If the full-on luxe is too intimidating, there’s always Trunk, the new Ace Hotel-inspired hotspot situated in the heart of Shibuya/Omotesando where all the creative set come and hang, or stay on their quick trips to Tokyo.
For those who prefer AirBnb type accommodation, there’s The Reversible Destiny Loft. A wild card suggestion but, if you want the trip to count, might as well try your luck at securing a short stay in one of the apartments. These apartments designed by the Architect/Artist couple Arakawa and Madeline Gin look like playgrounds with candy colored walls, spherical rooms, ladders and poles.
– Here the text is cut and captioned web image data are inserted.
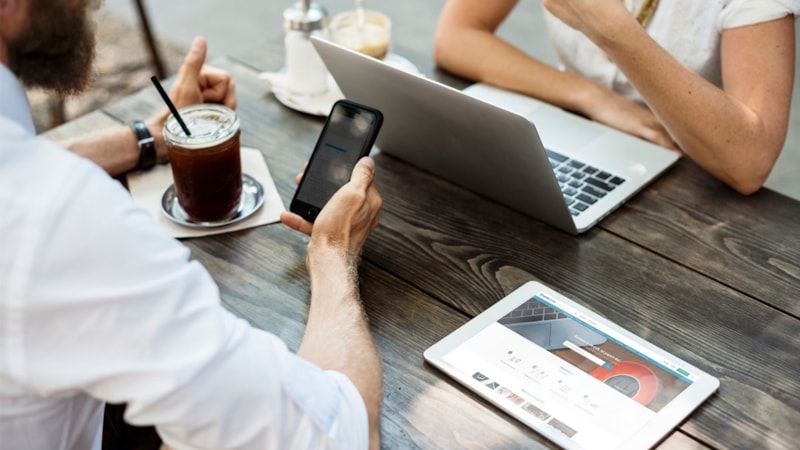 Rekabette başarılı olmak isteyen KOBİ'lere öneriler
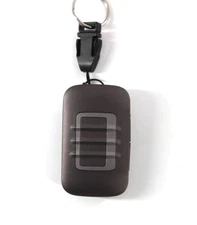 Unitron uStream Bluetooth Streaming Device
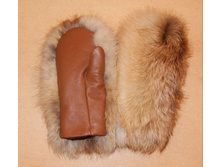 ������� 002.jpg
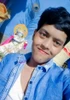 Duab profile ntawm Suvendu Majhi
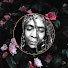 zAPdthwdrXw-channel-avatar-Seed of Light Unity Temple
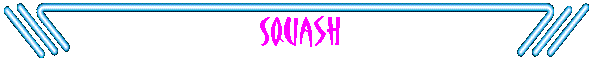 Squash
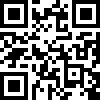https://mehrnews.com/xXBpD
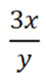 110088c7-3f0c-46x83.png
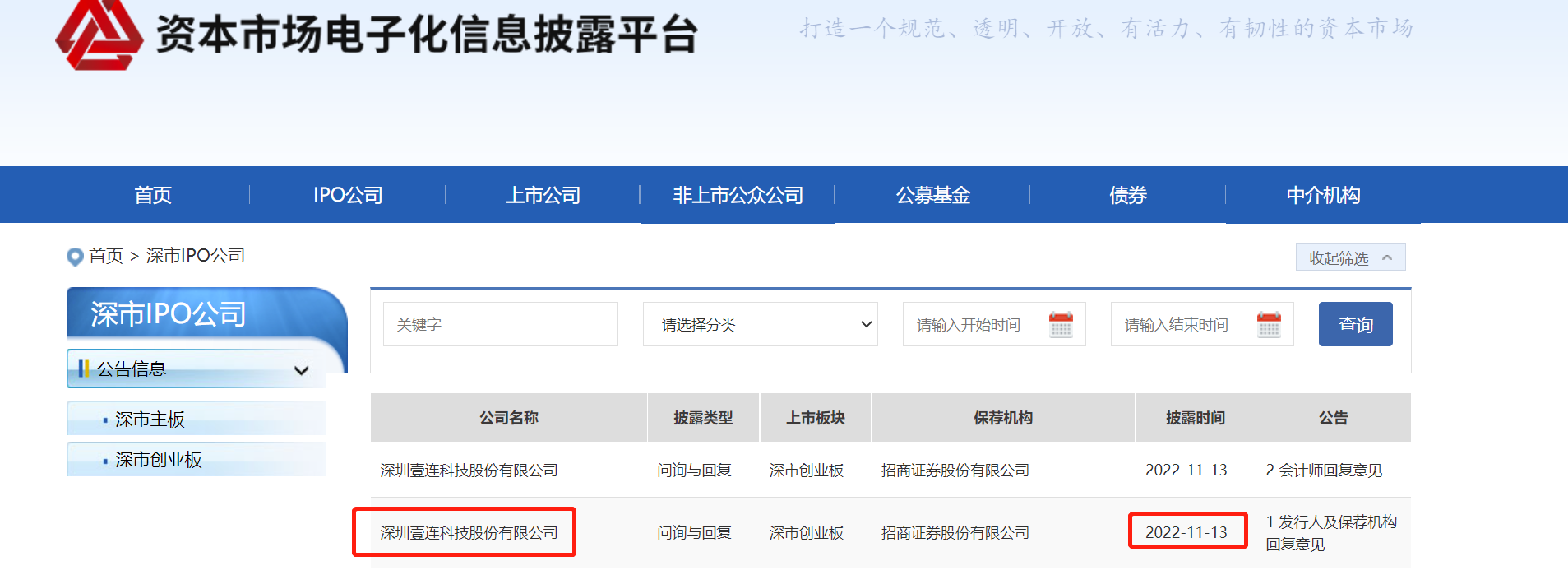 壹連科技連遭24問 與寧德時代合作可持續性及用工合規性成焦點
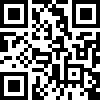 https://hawzahnews.com/x5KKC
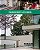 DESIGNER HOUSES - Imagem 1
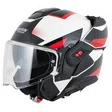 Nolan N120-1 CICLONE
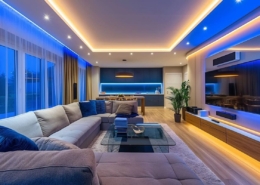 Airbnb Photography in Miami Photo 4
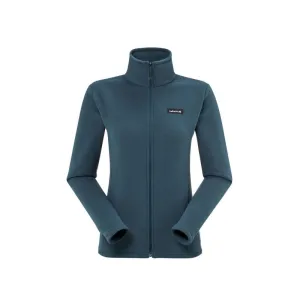 Куртка флис LAFUMA ACCESS MICRO F-ZIP W INK BLUE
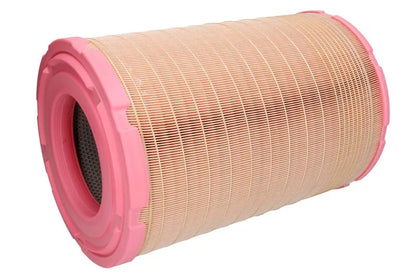 Filtru Aer Mann-Filter 3.32 kg - C 28 1045/2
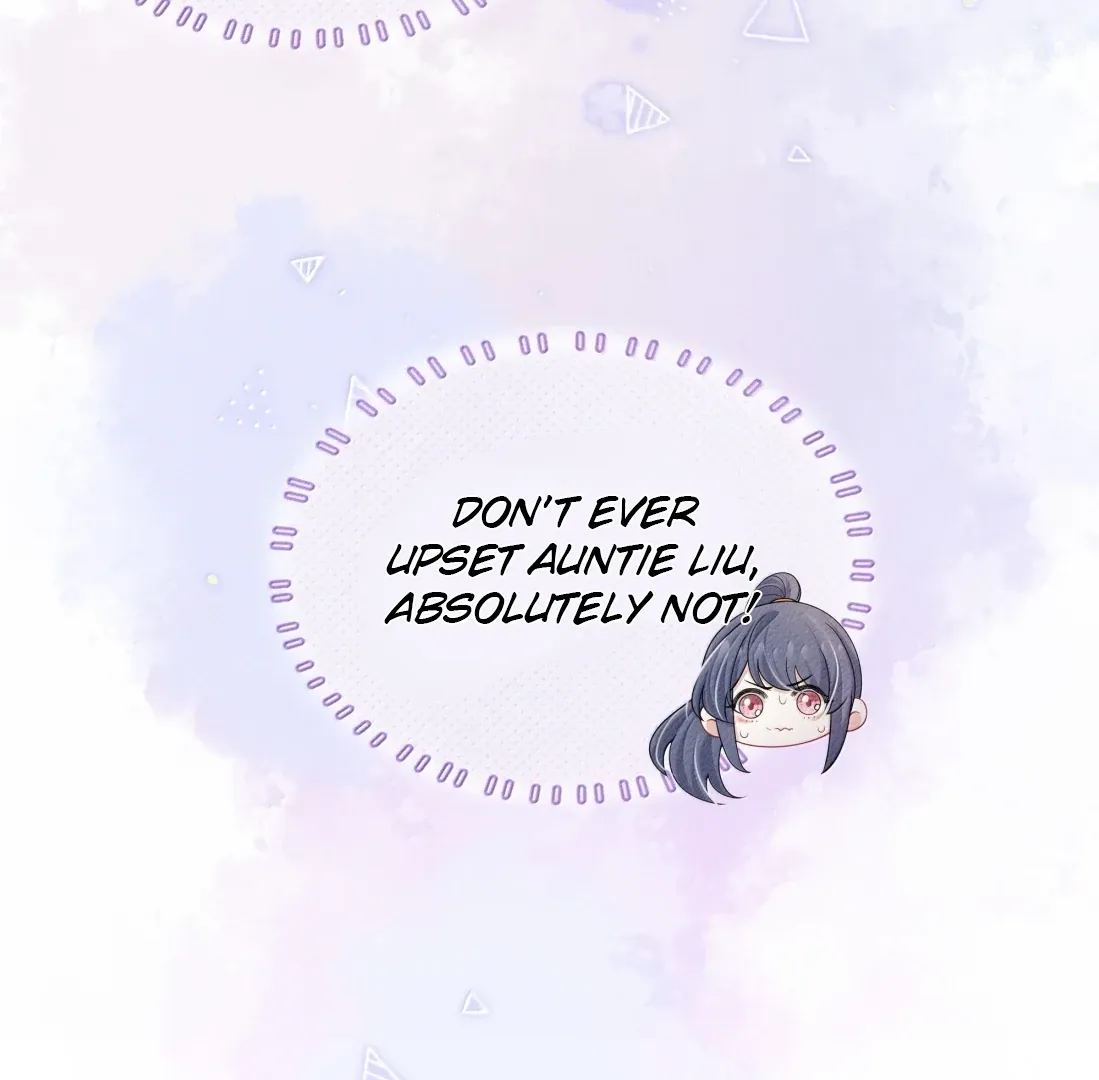 Dark Kiss Me Two Girls Chapter 40 page 49 - 
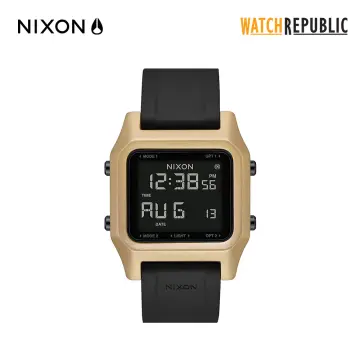 Nixon lazada best sale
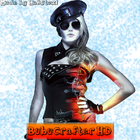 BubuCrafter_HD's Avatar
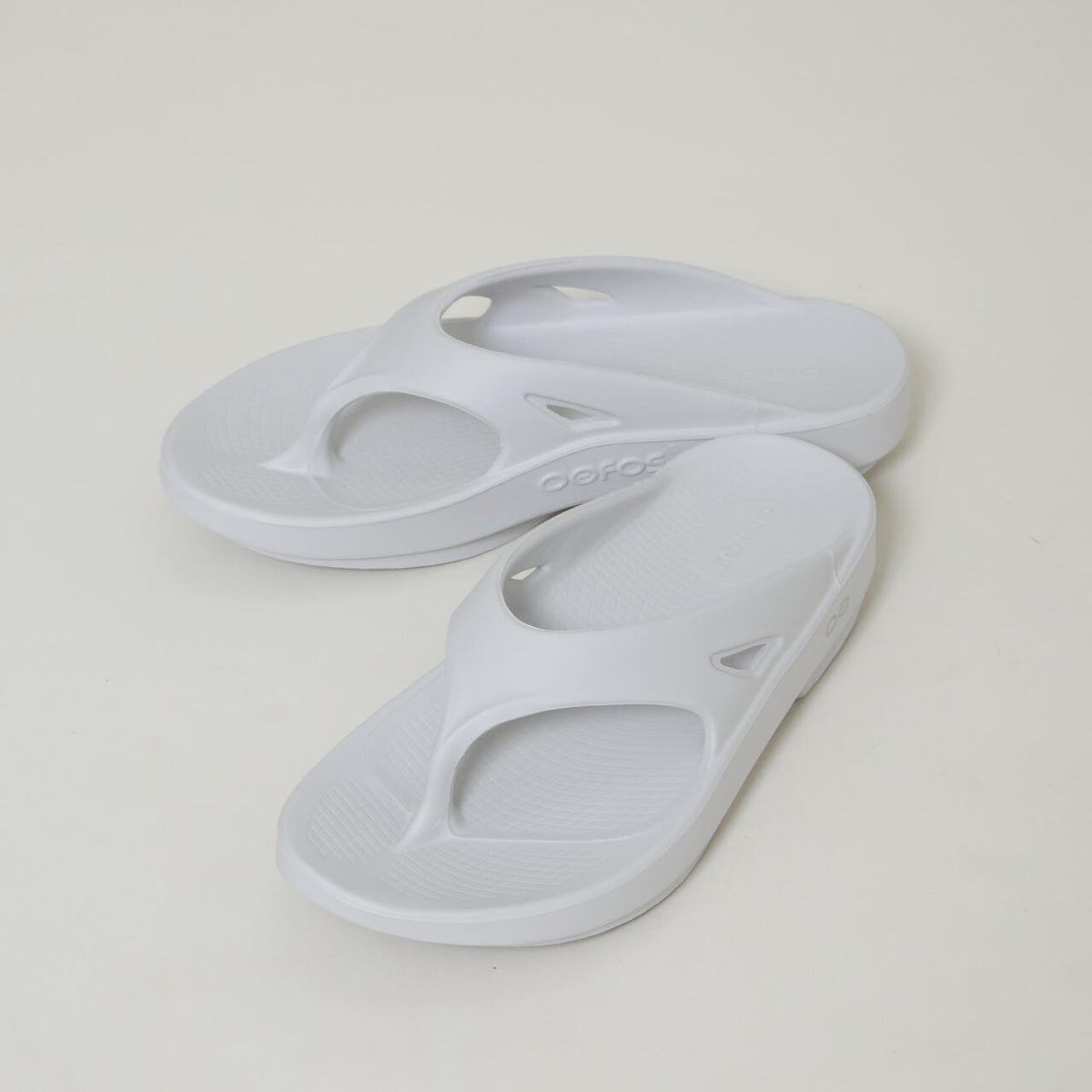 OOFOS / Ooriginal Moonstone
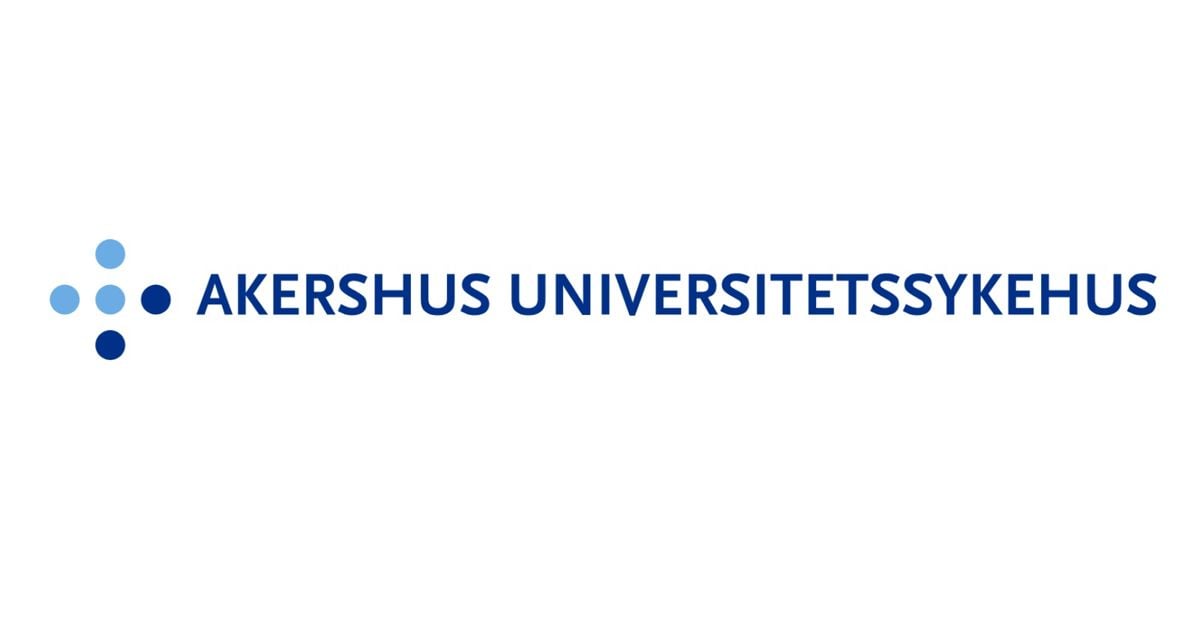 Akershus universitetssykehus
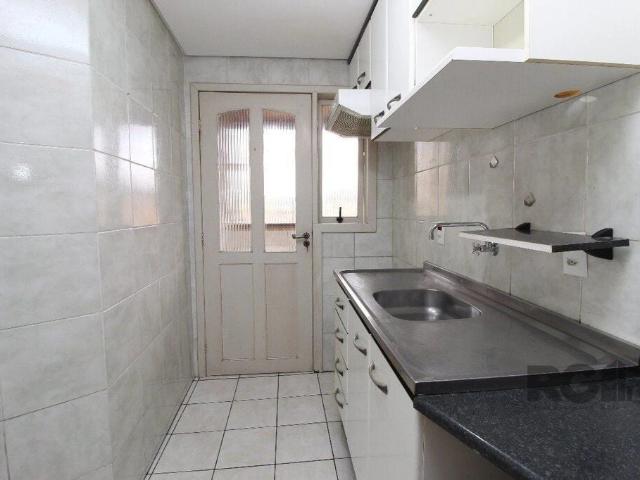 Apartamento venda em Região Geográfica Imediata de Porto Alegre, Região Metropolitana de Porto Alegre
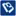 Mera-SYstemy.pl Favicon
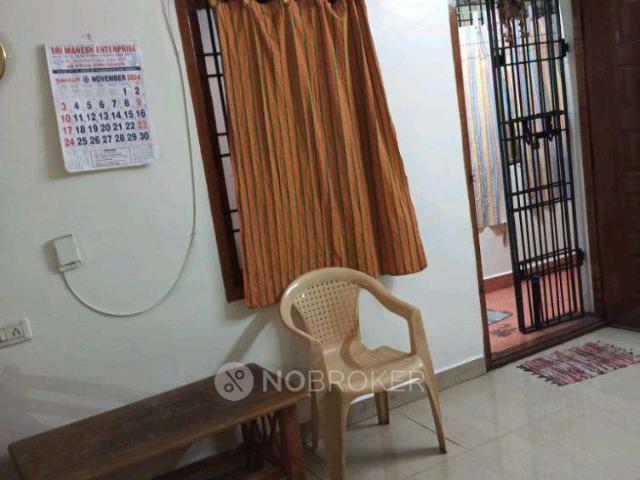 Property for rent in Adyar, Tamil Nadu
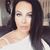 Vanessa Aaron's profile image
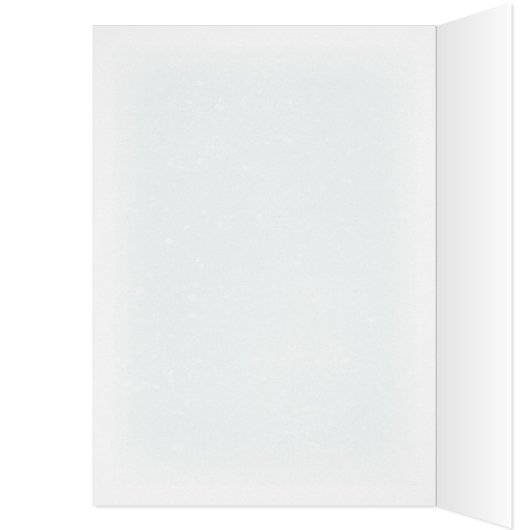 Father Card  -Shakespeare (Inside (Left))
The Pasalubong Line: Ginza Line
The last day should be dedicated to a little shopping for souvenirs and pasalubong. The Ginza Line has proven to be the most convenient as it stops at all the popular shopping destinations such as Ginza, Omotesando, Aoyama, and Shibuya. Cibone and Arts and Science are easily two of the most notable. Their great focus on beautiful products from clothes, fine crafted Japanese home ware, and furniture have made them go-to places for Tokyoites to see thoughtful home improvement and gift ideas. If you don’t have time to spare, located in the same general area is Spiral, a convenient one-stop art complex to do all the last minute shopping before your flight out.